A few days ago I had what I thought was a good idea: to look at the behavior of moving magnetic impurities, and see if they interpolate somehow between the Kondo effect and the polaron as you tune the mass of the impurity down from infinity. (There are some obvious ways to realize the interpolation experimentally using cold Fermi gases.) I was disappointed to find that someone else got there first, and tantalizingly recently (May 2008); Lamacraft's result is, however, really interesting, and would've been beyond my powers to derive:
Kondo Polarons in a One-Dimensional Fermi Gas
Austen Lamacraft
PRL 101, 225301 (2008)
Abstract: We consider the motion of a spin-1/2 impurity in a one-dimensional gas of spin-1/2 fermions. For antiferromagnetic interaction between the impurity and the fermions, the low temperature behavior of the system is governed by the two-channel Kondo effect, leading to the impurity becoming completely opaque to the spin excitations of the gas. As well as the known spectral signatures of the two-channel Kondo effect, we find that the low temperature mobility of the resulting `Kondo polaron' takes the universal form $\mu\to \frac{3\hbar v_F^2}{2\pi k_B^2T^2}$, in sharp contrast to the spinless case where $\mu\propto T^{-4}$.
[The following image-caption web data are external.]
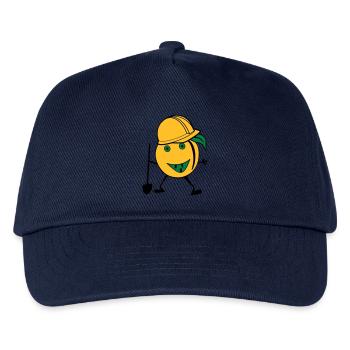Orangen Bauarbeiter - Kinder Basecap - Navy - Vorne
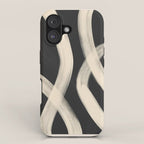 Black and White Abstract Line Art 1 iPhone Case Gallery Image 1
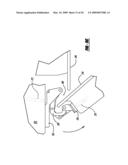 VEHICLE UNSEQUENCED REAR DOOR ARTICULATING MECHANISM diagram and image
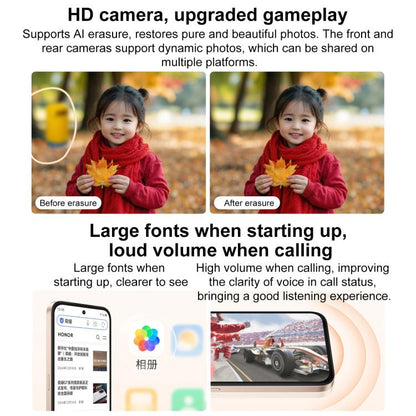 Honor Play 60m, 6GB+128GB, Side Fingerprint, 6.61 inch MagicOS 9.0 Dimensity 6300 Octa Core, Network: 5G, OTG, Play 60m, 6GB+128GB, 6GB+128GB - Alex Bazar Mx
The really interesting thing here is that the case of the mobile impurity differs drastically from that of the fixed (infinite-mass) impurity because certain processes that are permitted with an infinite-mass impurity are forbidden, because of the impossibility of simultaneously conserving energy and momentum, in a finite-mass impurity. One consequence of this is that, whereas the infinite-mass impurity couples to a single scattering channel (even combinations of left- and right-moving traveling waves) the finite-mass impurity couples independently to the left- and right-moving channels. This means that the 1D Kondo problem with recoil is not the one-channel Kondo problem but the far more exotic two-channel Kondo problem.